The LinearMatrixConsistency procedure

This procedure should be used in conjunction with RegularMatrix. It should be used only if the matrix includes rows or columns in which a variable appears with degree 1 in at least 2 elements of a row or a column. Its syntax is:

 
 LinearMatrixConsistency(A,VAR,vars,row,context,rohn,
                        Func,FuncKA,FuncAK,name)

The parameters are:

• A: the considered matrix
• VAR: a list of the variable name that appears in the matrix
• vars: a list of variable names that appears linearly in the row or column of A
• row: 1 if the procedure look at the row of A, 2 for the column
• context: see description
• rohn: 1 if the Rohn consistency procedure is used in the program
• Func, FuncKA, FuncAK: the name of C++ procedures to compute respectively the matrix, the left conditioned matrix and the right conditioned matrix. If this procedure is used in conjunction with RegularMatrix these names are we have Func="F", FuncKA="AKA", FuncAK="AAK".
• name: the name of the C++ procedure that will be created in the file name.C

Linearity has to be understood in a very loose sense.
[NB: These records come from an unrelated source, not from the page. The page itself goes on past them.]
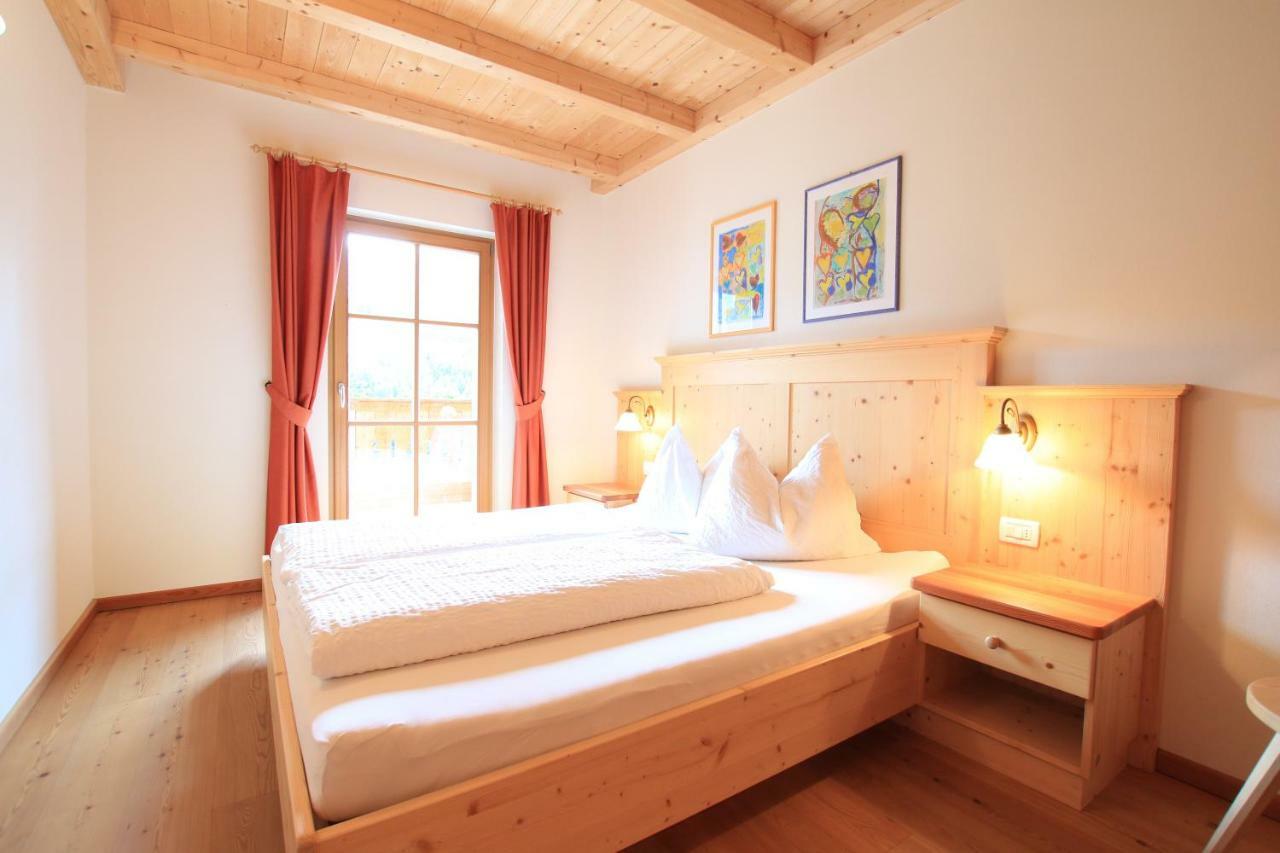 Paalhof Lejlighed Castelrotto Eksteriør billede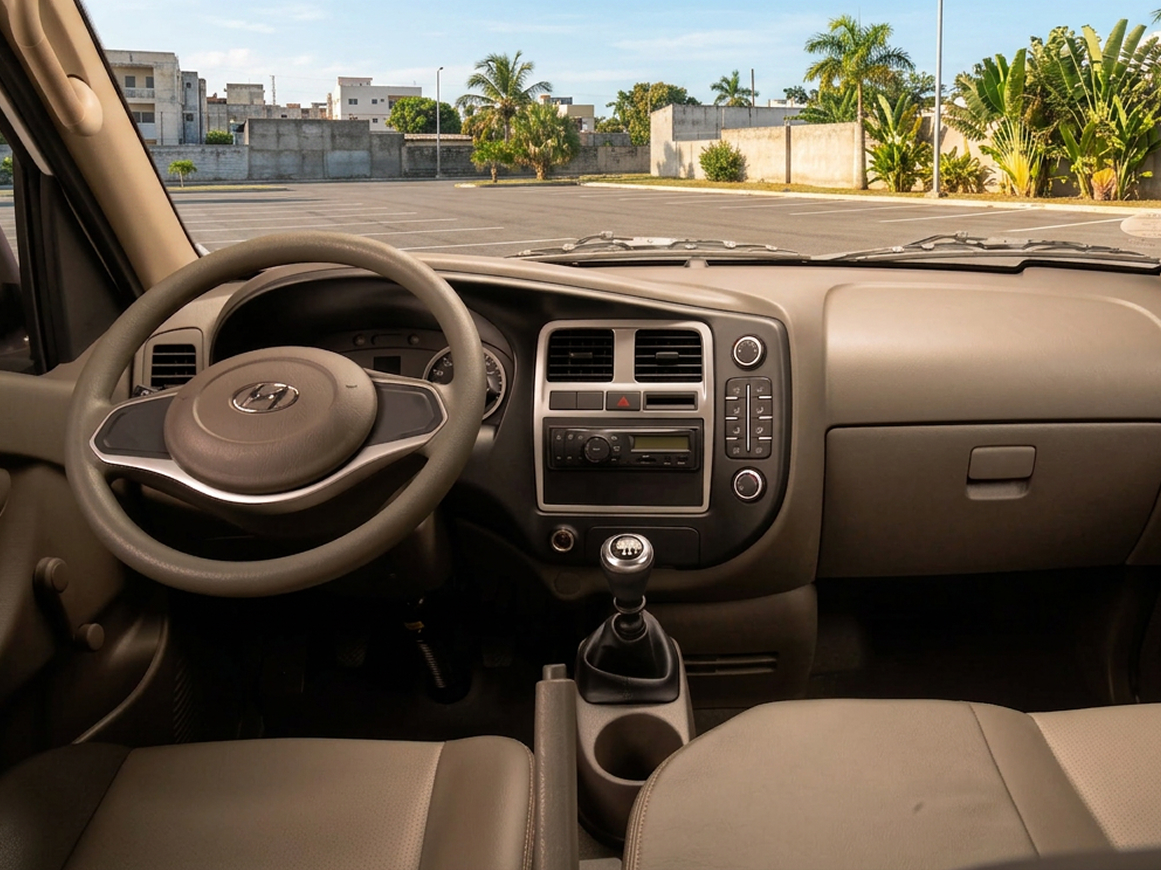 Hyundai H-100 - Image 5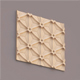 Decorative Wall Panel 001 - 3DOcean Item for Sale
For example if a row of the matrix is

 
x    xy    x+y

this row may be considered as linear in x in which case we have 3 linear elements in the row. If the row is considered as linear in y we have 2 linear elements in the row. Note that the linearity is checked according to the order provided in Vars.

This procedure may be used for the matrix A, the conditioned matrix KA or the conditioned matrix AK. Context is used to indicate the choice according to the following code:

• 0: for A only
• 1: for KA only
• 2: for AK only
• 3: for A, KA, KA
• 4: for AK, KA
• 5: for A, KA
• 6: for A, AK

The complexity of this procedure is approximately $\prod (2^m_i)$ where $m_i$ is is the number of linear terms in the elements of row or column i of A. Hence it should not be be used with a large Vars. The use of Rohn matrix may also be expensive as it requires to calculate $2^(2n-1)$ scalar determinant, with $n$ the dimension of the matrix A.

For example we may use

 
LinearMatrixConsistency(A,[x,y],[x],1,5,"F","AKA","","Simp"):

In this example we will consider the row of matrix A and its elements that are linear in x. The procedure will be used for both the matrix A and the conditioned matrix KA (hence this procedure should be used with the parameter cond of RegularMAtrix set to 1 or 3. Note that we assume here that the conditioning matrix is ${\tt A}^{-1}(Mid(X))$.